Polyelectrolyte hydrogel diffusiophoresis

When immersed in an aqueous solution, polyelectrolyte hydrogels swell more than regular gels due to the Gibbs-Donnan effect. Upon dissociation from the gel backbone, the counterions may interact with the charged polyelectrolyte network through electrostatic interactions. Recent theoretical and experimental work has established the gel diffusiophoresis mechanism, where hydrogels can deform superdiffusively, driven by the sharp gradient of released ions from the polymer network [1, 2]. In contrast to gel diffusiophoresis, where the gel strain rate is linearly proportional to the gradient of free ion volume fraction, the strain rate in a polyelectrolyte hydrogel must depend on the gradient of the logarithm of counterion volume fraction. We hypothesize that in a polyelectrolyte hydrogel, the diffusiophoretic deformation can emerge when counterions rapidly dissociate from the polymer backbone and diffuse out of the gel, potentially leading to high strain rates. To probe this mechanism, we have developed a continuum poroelastic theory coupled with reaction, diffusion, and electromigration of ions. This theoretical framework describes the potentially elevated strain rates of a polyelectrolyte gel upon release of ions from the gel.

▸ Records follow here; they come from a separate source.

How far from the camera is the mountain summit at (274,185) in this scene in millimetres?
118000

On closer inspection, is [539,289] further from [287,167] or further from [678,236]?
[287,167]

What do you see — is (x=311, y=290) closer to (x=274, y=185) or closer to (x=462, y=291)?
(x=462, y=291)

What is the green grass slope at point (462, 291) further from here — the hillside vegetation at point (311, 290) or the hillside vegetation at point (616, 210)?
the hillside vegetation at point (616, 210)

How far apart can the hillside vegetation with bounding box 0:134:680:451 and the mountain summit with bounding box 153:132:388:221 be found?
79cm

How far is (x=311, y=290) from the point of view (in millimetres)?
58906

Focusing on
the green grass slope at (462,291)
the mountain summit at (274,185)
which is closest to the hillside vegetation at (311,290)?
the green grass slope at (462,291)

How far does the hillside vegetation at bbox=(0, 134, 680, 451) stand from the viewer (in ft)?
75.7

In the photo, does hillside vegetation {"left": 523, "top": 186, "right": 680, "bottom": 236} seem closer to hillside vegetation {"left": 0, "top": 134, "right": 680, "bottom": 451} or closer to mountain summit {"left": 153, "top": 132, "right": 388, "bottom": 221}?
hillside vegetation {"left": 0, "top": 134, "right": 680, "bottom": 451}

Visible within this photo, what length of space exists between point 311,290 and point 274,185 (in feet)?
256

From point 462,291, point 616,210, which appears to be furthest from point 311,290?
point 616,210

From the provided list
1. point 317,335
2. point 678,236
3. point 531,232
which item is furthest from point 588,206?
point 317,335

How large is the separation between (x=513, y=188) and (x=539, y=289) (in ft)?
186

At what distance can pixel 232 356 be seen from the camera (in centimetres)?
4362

1. [1] C. Katke, P. A. Korevaar, and C. N. Kaplan. Diffusiophoretic fast swelling of chemically responsive hydrogels. Phys. Rev. Lett., 132:208201, May 2024. doi: 10.1103/PhysRevLett. 132.208201. URL https://link.aps.org/doi/10.1103/PhysRevLett.132.208201.
   
   
   
   [2] P. A. Korevaar, C. N. Kaplan, A. Grinthal, and J. Aizenberg. Non-equilibrium signal integration in hydrogels. Nat. Comm., 11:386, 2020. doi: 10.1038/s41467-019-14114-0. URL https://doi.org/10.1038/s41467-019-14114-0.